The sense is that Barry Sanders is a classy, cautious, family-devoted guy
(10 brothers and sisters, with whom he stayed in Kansas Sunday night), a guy for whom the lights are suddenly speeding by very fast. He has never been to Detroit. He is leaving college early. His only stumbling block may be his youth. After all, how mature were you at 20?
That’s OK. He can run. Fast. Very fast. And the plain fact is, it will be a relief to see the Lions hand off to someone other than James Jones or Garry James. Too often, that was like watching ketchup pour.
“As a defensive coach, I know we always asked about the offensive guys,
‘How quick is he?’ ” said Fontes. “If they say 4.5 or 4.6, we say, ‘Well, we can handle him.’ If they say, ‘4.4 or 4.3,’ you really start to worry.”
And Sanders has been clocked as low as 4.27.
Start worrying. And start planning for the swirl of attention that will accompany Sanders’ first games here. No, he is not a quick fix. Nobody can be in football.
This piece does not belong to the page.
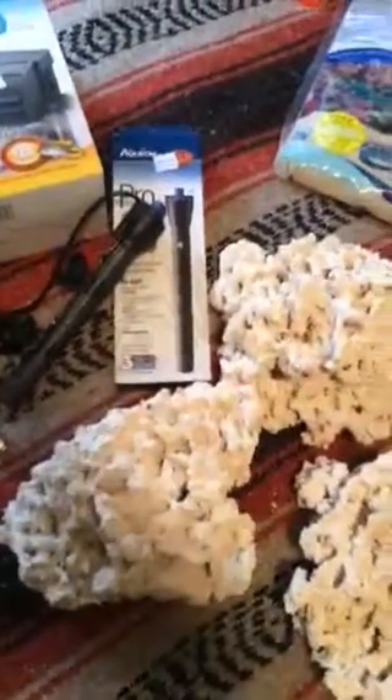So there you have it — some things you may need to start up a saltwater aquarium tank.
But he is a player that almost all NFL teams desired — and you can’t say that about a lot of previous Lions draft picks.
He is an impact player within his first two years — and you can’t say that about a lot of previous Lions picks.
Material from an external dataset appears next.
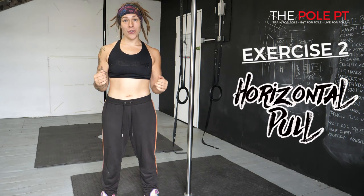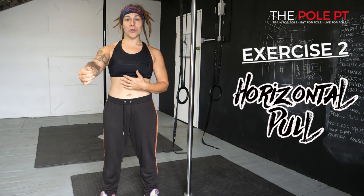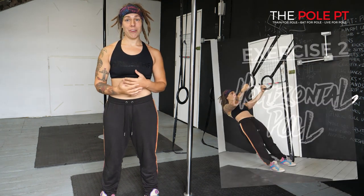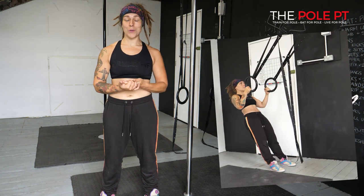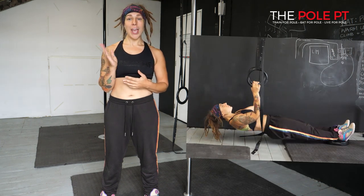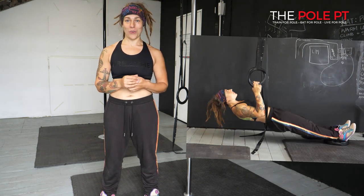Exercise two is going to focus on that final pulling position, so it's going to be a horizontal row. You can do these on a TRX or some gymnastic rings if you've got some. There are loads of progressions — you can start in a more vertical position and move more horizontally as you get stronger.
And he is a star attraction — and you can’t say that about . . . well, you get the point.
Finally, a draft where they celebrated the obvious, a draft where you didn’t have to appreciate the finer points of stunt- blocking or zone defense to understand why the team took some guy you never heard of.
Need speed? Get speed. Need marquee value? Get marquee value. Simple as breathing. There were fans at the Silverdome ticket office by 3 p.m., looking to buy season tickets. Never mind that the office is closed Sunday. The news was out. Barry Sanders is a Lion. Give him a fresh number and a crisp uniform.
And while you’re at it, stitch the words “See You Later” on the back.
With any luck, that’s all the opponents will see of him.